I do not like their new format.
I don't think it's good.
No, it's very bad.
Very bad.
They're doing like promotions and quizzes and tests and selling stuff.
It's a terrible show.
And Whoopi Goldberg is the main host now.
And she is, you can barely understand, she sounds like she's drunk all the time and she can't open her eyes.
And so she goes off on this Pope stuff.
And Rosie O'Donnell, who used to be running the show, is at the other end and she just kind of makes comments every once in a while because she knows she needs the money.
So this is an exchange that took place, which indicates to me the level of stupidity that you have to deal with with this show and why the real is a much better show.
He's been making headlines for his call to accept the gay community, which was echoed in a document drafted by the Cardinals yesterday.
The Pope...
He closed his assembly of Catholic bishops by saying God is not afraid of new things, but it seems like the Cardinals are.
Because the part about gay acceptance has been removed from the document by that.
Which I find extraordinary because, I'm sorry, as I was growing up, I was always told that the Pope was the living representation of God and he was making the call.
So basically, what are you saying, Cardinals, that the Pope don't know his stuff?
Is that what they're...
It's kind of like the president in Congress.
The president does something and Congress says, sorry, we're not going to do that.
Yeah.
Right?
Yeah.
Yeah, kind of freaky.
So what we get out of this is that Rosie O'Donnell, and I guess the rest of these women, all think that Obama is the Pope.
Yeah, exactly.
It's a one-to-one ratio.
Do they even know how our government works?
He is the Pope.
Do they even have a clue?
I'm saying no.
They think Obama's the Pope.
Rosie, I do think, has a clue, but I go back and forth on that.
But she's the one who said it!
I know.
Miss Mickey identified some things.
She said there's something going on.
There's a lot of push on NPR about gays in the church.
And she said there's something going on.
Pay attention to it.
And this is part of it.
I'm not quite sure what it is.
But she said there are people talking about changing the text of the Bible...
To make it more gay-friendly.
And I'm like, yeah, why not?
It's been rewritten so many times.
There's a bunch of Bible sites.
I recommend people check them out once in a while.
And you can look up these various passages that people like to hold signs up about.
And you can look at, in a good Bible site, they will have 20 different versions because they have 20 different Bibles.
Sure.
And they go back to old Bibles, middle-aged Bibles, new Bibles, some of the new Bibles.

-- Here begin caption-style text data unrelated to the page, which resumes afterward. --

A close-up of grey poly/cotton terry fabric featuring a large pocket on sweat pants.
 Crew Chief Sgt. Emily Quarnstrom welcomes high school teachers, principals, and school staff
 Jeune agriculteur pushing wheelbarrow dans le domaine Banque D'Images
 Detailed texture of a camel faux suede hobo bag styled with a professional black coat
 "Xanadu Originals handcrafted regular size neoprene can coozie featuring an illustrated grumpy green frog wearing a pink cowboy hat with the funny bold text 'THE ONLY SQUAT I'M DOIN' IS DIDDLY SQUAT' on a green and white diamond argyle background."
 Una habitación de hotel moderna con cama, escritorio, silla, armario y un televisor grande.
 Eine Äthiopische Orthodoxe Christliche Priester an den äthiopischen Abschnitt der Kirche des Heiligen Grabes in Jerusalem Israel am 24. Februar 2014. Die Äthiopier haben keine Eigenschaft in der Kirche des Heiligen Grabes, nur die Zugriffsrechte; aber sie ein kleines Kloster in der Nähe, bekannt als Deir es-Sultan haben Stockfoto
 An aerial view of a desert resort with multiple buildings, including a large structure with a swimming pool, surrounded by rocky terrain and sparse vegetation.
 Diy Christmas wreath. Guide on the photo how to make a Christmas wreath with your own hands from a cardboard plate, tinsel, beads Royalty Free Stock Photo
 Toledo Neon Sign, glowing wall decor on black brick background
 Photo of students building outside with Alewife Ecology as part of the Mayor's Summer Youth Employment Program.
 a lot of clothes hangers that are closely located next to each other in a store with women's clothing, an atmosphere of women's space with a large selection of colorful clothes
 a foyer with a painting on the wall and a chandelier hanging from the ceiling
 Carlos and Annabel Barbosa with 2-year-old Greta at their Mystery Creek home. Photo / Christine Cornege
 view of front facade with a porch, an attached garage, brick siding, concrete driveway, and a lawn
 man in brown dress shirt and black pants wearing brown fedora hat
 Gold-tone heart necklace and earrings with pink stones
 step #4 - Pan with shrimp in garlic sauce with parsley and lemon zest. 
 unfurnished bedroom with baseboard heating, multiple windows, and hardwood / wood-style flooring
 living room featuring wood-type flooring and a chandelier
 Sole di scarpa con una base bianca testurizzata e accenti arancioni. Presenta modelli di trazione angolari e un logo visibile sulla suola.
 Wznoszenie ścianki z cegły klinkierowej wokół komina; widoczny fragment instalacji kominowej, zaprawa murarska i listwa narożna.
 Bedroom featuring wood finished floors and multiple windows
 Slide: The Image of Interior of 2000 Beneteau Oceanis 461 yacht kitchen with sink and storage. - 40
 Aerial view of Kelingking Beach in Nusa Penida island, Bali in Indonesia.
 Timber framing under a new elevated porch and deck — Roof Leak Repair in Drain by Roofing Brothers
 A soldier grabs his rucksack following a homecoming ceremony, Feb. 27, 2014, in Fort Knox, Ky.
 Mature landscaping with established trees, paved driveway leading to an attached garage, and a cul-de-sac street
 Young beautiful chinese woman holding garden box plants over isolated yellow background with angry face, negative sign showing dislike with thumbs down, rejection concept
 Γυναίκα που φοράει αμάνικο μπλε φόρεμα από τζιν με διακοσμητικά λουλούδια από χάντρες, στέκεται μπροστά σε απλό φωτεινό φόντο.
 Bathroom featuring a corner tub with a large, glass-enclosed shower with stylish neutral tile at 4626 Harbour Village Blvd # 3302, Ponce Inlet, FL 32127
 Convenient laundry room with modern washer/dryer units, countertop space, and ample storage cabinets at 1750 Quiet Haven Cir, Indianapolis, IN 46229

They don't put a lot of the newest of the new in because they're copyrighted, which is another thing that's mind-boggling.
The newest of the new Bibles are all copywritten.
What?
Wait a minute, wait a minute.
Who has copyrighted the newest of the new Bibles?
All these new Bibles, the new American, the new blah, blah, blah Bibles.
Oh, really?
If you look at all these different Bibles, there's a bunch of them that are copyrighted.
Huh.
The newest versions, and they use all the...
They use different reference materials.
Some of them have explanatory texts.
Some of them don't.
And there's all these new Bibles.
There's been a lot.
And a lot of the most radical churches use a specific Bible that they can use to back up their sermons.
Hmm.
Yeah.
Okay.
Well, that's interesting.
Yeah, it's always fascinated me.
Okay.
Takes a lot of work.
Nobody's going to do a new translation of the Bible and leave it uncopyrighted, that's for sure.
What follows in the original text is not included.